Güçlü Yönleri: Bir bütün olarak kol yeteneği bu sınıfın en iyilerinden ve hatta belki de en iyisi. Kendisinden istenen her türlü atışı yapabilecek kapasitede bir koldan bahsediyoruz. Açılı paslar, platform dışı paslar, touch, bullet, ismini siz koyun. Bununla gelen zaman zaman aşırıya kaçabilen özgüveni iki tarafı da keskin bir bıçak gibi işliyor ancak quarterback’inizin yüksek özgüvene sahip olması tercih edeceğiniz bir şey. Mekanik açıdan da en temiz oyuncuların başında geliyor. Big 12 sonrası SEC’ye giderek büyük bir meydan okumaya girişmesi ve birbirinden çok farklı olan iki sistemde de belli derece başarı elde etmesi takımların dikkat edeceği bir nokta.
Zayıf Yönleri: Henüz lisedeyken bir süper yıldıza dönüşmenin ve televizyon şovlarına çıkmanın Rattler üzerinde iyi bir etki yaratmadığı su götürmez bir gerçek. Aynı zamanda en büyük günahlardan biri de olan kibir, Rattler’ı çok erken eline alınca ilk bocalamada kariyerinin uçurumdan aşağı düştüğüne tanık olduk. South Carolina’ya transfer olduktan sonra her anlamda kendisini geliştirdi fakat karakteri hala sorun teşkil edebilir. Bir quarterback’te aradığınız fiziksel özelliklerin çoğuna sahip olsa da boyu NFL standartların göre kısa. İyi bir atletizme sahip olduğunu söyleyebilsek de ciddi bir koşu tehdidi oluşturduğunu söyleyemeyiz. Sahip olduğu tüm yeteneğe rağmen aşırı istikrarsız bir oyuncu olması ilk turdan seçilmesinin önündeki en büyük engel.
Bo Nix, Oregon Ducks
Genel Bakış: Bu yılın QB teması için transfer olan yaşlı QB’ler desek yanılmış olmayız. Onlardan bir diğeri de Bo Nix. Kolej kariyerine Auburn’de başlayan Nix, burdaki ilk sezonunda Iron Bowl’da Alabama zaferi yaşayarak SEC yılın freshman oyuncusu olmuş ve geleceğe dair büyük umutlar vermişti. Sonraki iki sezonda özellikle pasör olarak oyununun üstüne koymakta zorlanan Nix, Auburn’de değişen koçuyla anlaşamayarak Oregon’a transfer oldu. Buradaki iki sezonunda Penix vari bir gelişim kaydeden Nix, özellikle pasör olarak sonraki seviyeye çıktı ve draft için önemli QB potansiyellerinden birine dönüştü.

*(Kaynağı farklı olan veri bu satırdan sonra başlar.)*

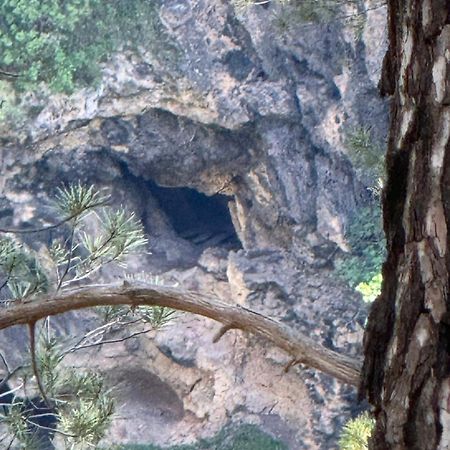 Casa Javi Y Carmen Daire Coto Rios Dış mekan fotoğraf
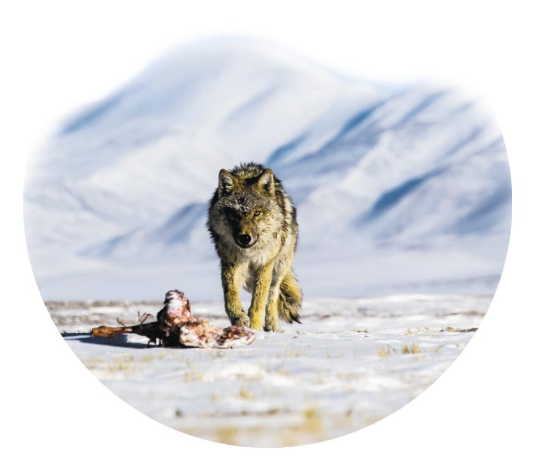 ScreenShot_2026-03-23_065612_683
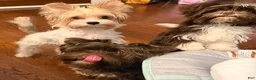 Yorkshire Terrier dogs for sale: Blaze - Ad 4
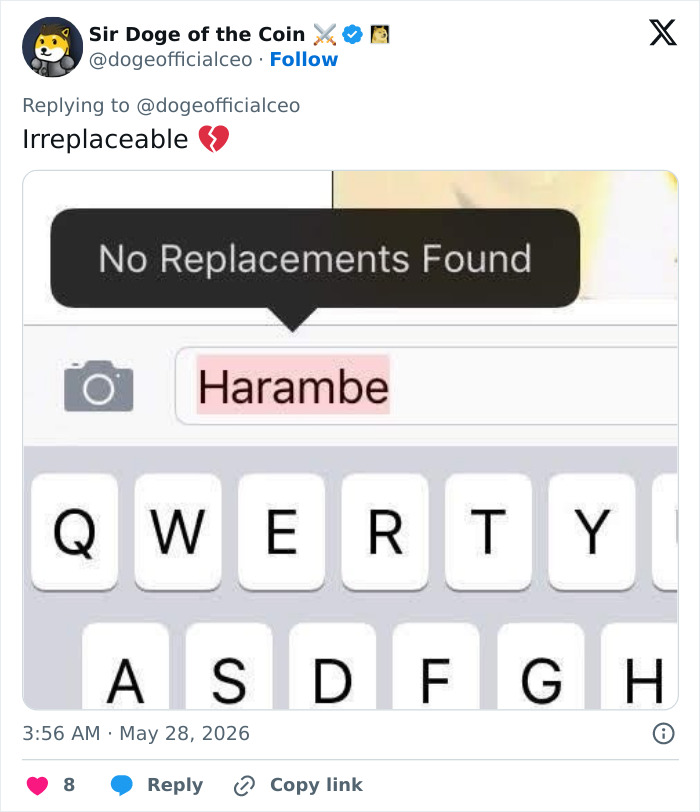 Let's Remember Harambe: The Gorilla Who Took Over the Internet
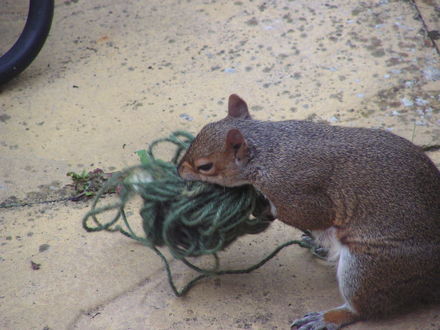 squirrel the garden thief - his get away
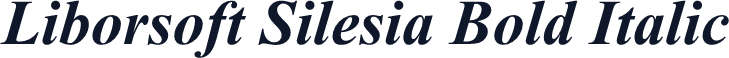 Liborsoft Silesia Bold Italic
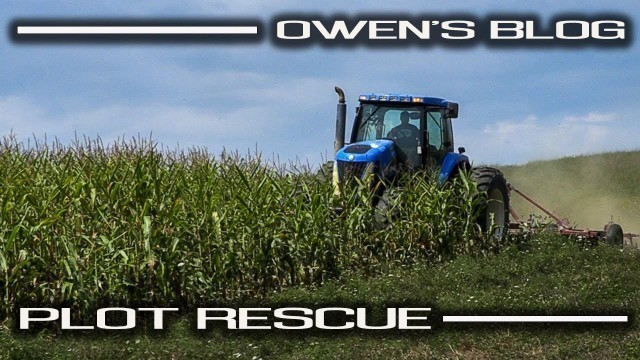 'How to Rescue Failing Food Plots | Owen’s Blog'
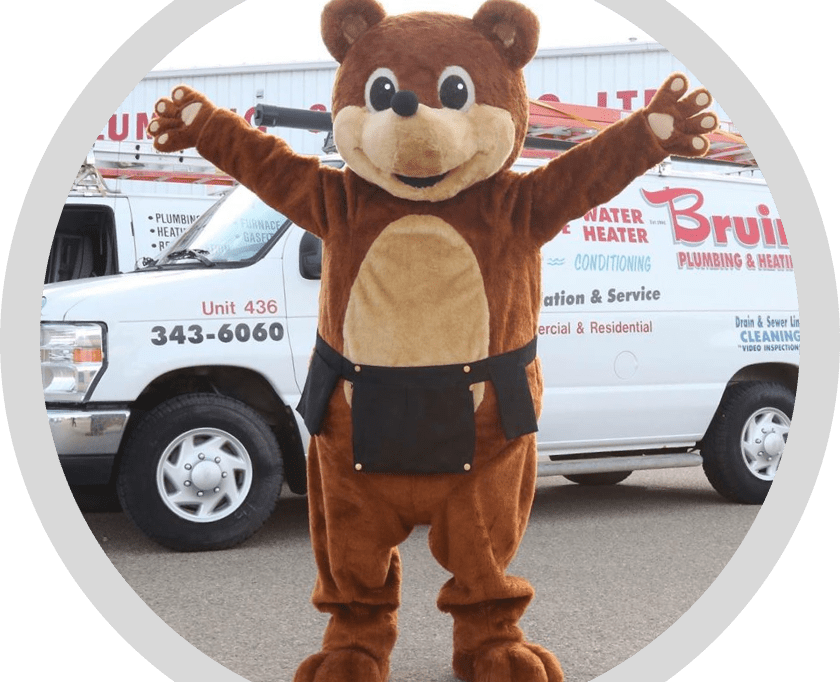 the bear that cares bear with van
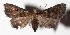  (Nicetas Poole04 - 15-SRNP-72156)  @14 [ ] CreativeCommons  Attribution Non-Commercial Share-Alike (2017) Daniel H. Janzen Guanacaste Dry Forest Conservation Fund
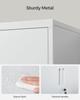 SONGMICS File, Multipurpose Garage, Office with 2 Doors, Lockable, Steel Storage, Deep Storage with Shelves, for Study, Living Room, Gray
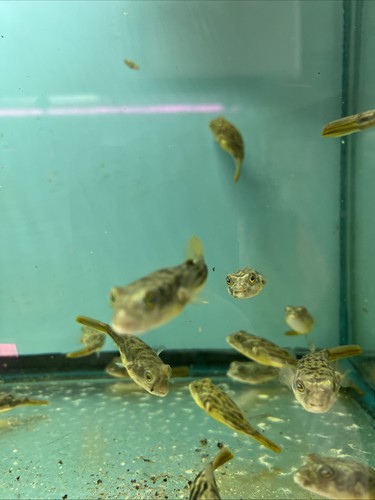 Fahaka puffer 5 - 3-3.5, inches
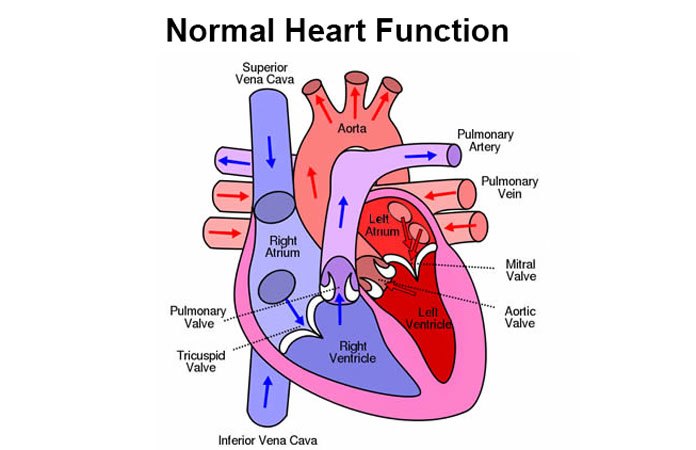 What is Tetralogy of Fallot – Page 2 – New Life Ticket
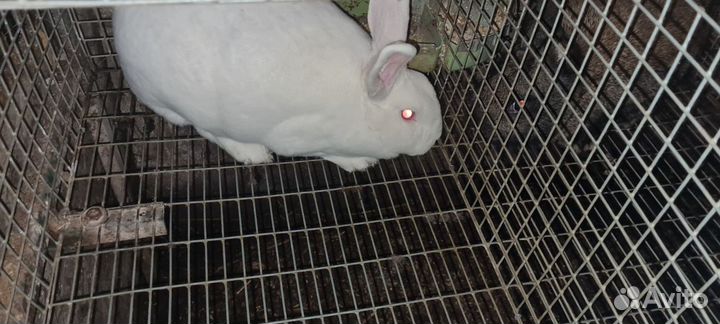 Кролики,клетки для кроликов,козлята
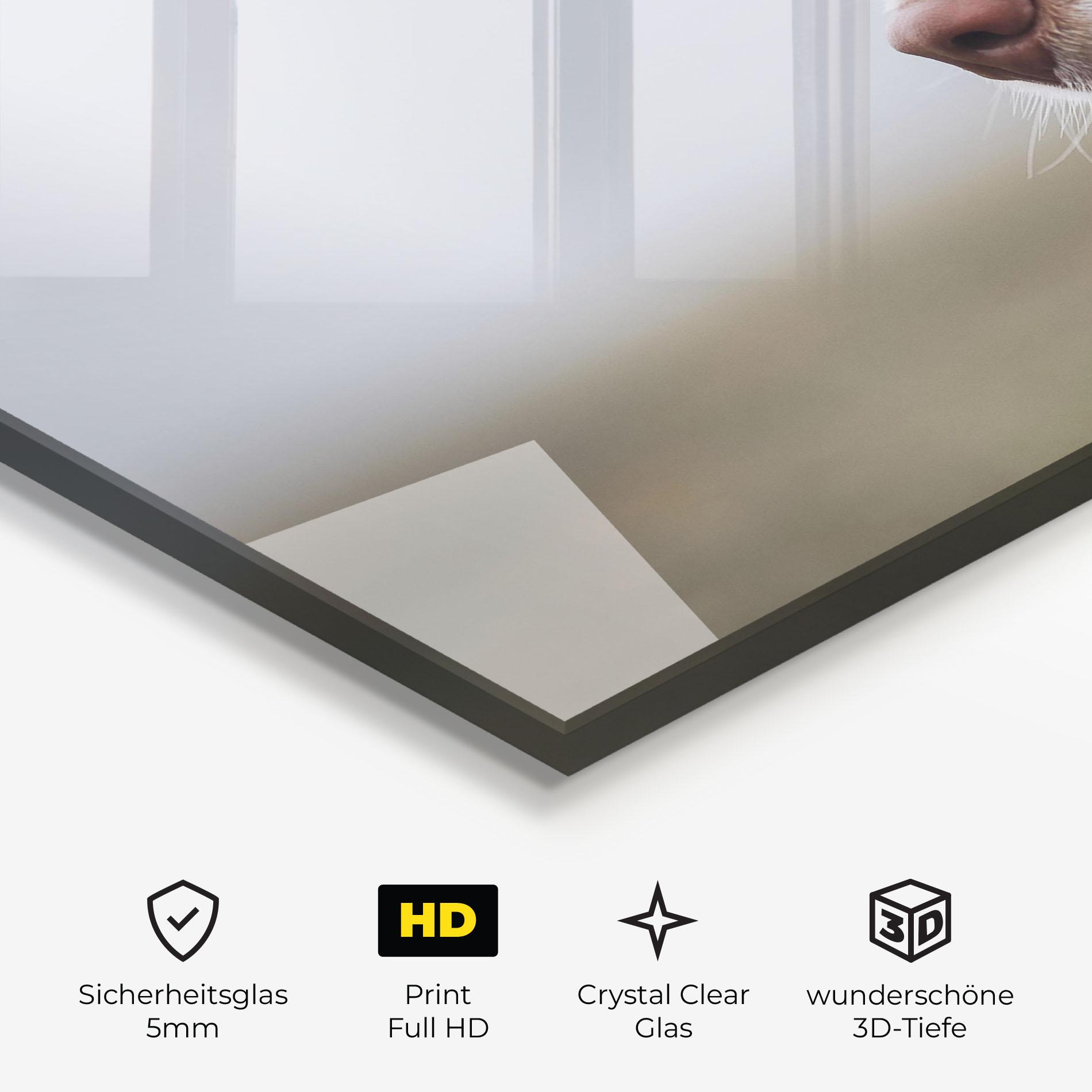 Glasbild Brown White Dog mockup 3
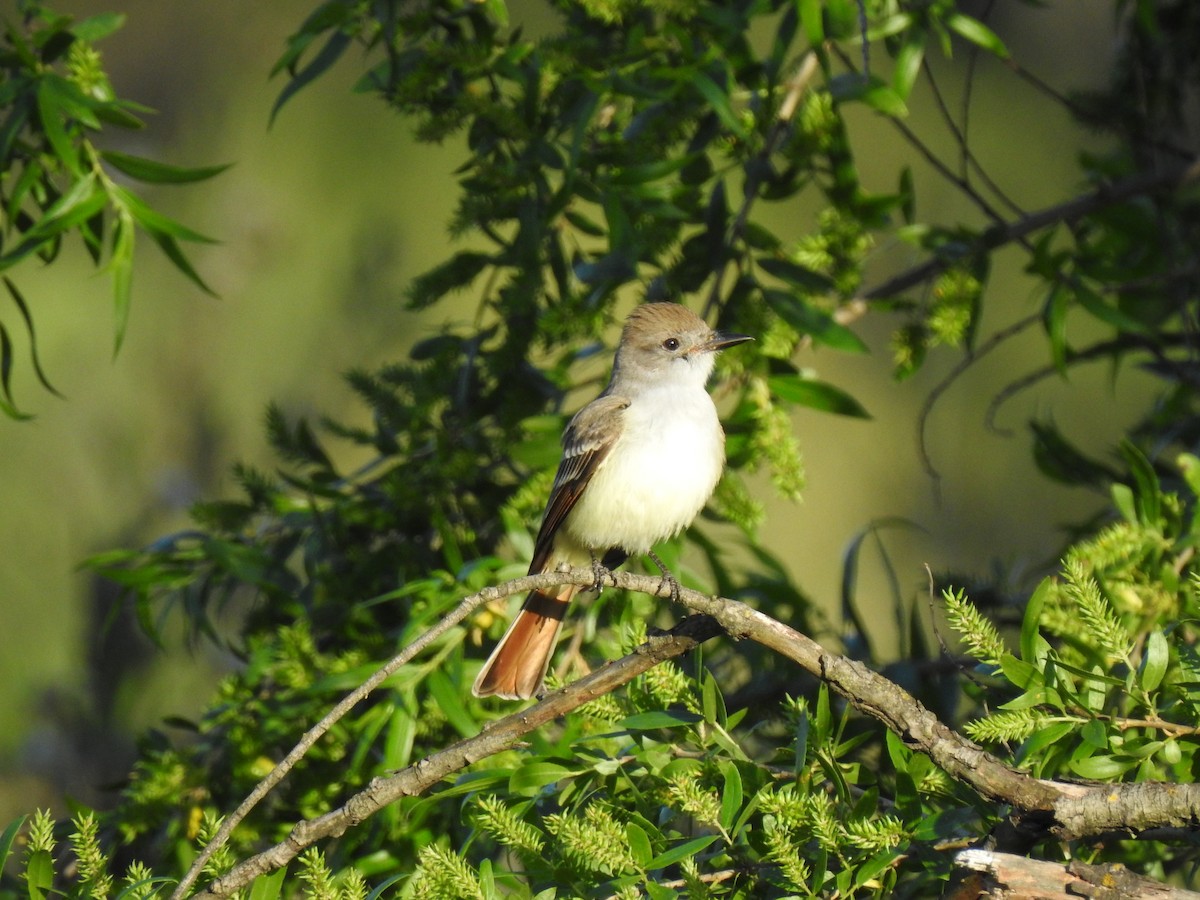 Ash-throated Flycatcher - Dorian Charnis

Güçlü Yönleri: Kompakt vücuduyla tam olarak NFL quarterback’i fiziğinde. Kolejden geçirdiği 5 yılın tamamında starter olarak oynamasının da bir getirisi olarak bu sınıfın en iyi istatistiklerine sahip ismi. Kolej kariyerinde 15,000 üzeri pas yardı, 108 touchdown pası ve 38 koşu touchdown’ına sahip. Kısa ve orta mesafede çok iyi pas isabet yeteneğine sahip. Bu nedenle Oregon gibi yüksek tempoda oynayan bir takımda pasör olarak kendini bulmayı başardı. Auburn sezonları dahil her zaman iyi bir koşucu olması onu çift yönlü bir tehdit yapıyor. Bu 5 yılın hepsinde farklı playcaller’larla çalışmış olması onu ender rastlanan bir konuma koyuyor. Tıpkı Rattler gibi iki çok farklı sistemde de başarılı olması önemli bir artı.
Zayıf Yönleri: Oregon’da bir pasör olarak aşama kaydetmiş olsa da bana göre hala komple bir pasörden söz etmek mümkün değil. Orta ve kısa mesafelerdeki basit pasları yüksek yüzdeyle gerçekleştiriyor olması bir üst seviyede yanıltabilir. Mesafe uzadıkça isabet yeteneği ve etkinliği genelde düşüyor. Bu yıl Michael Penix ile girdiği iki düelloyu da kaybetme nedeninin temelinde bu yatıyor bana kalırsa.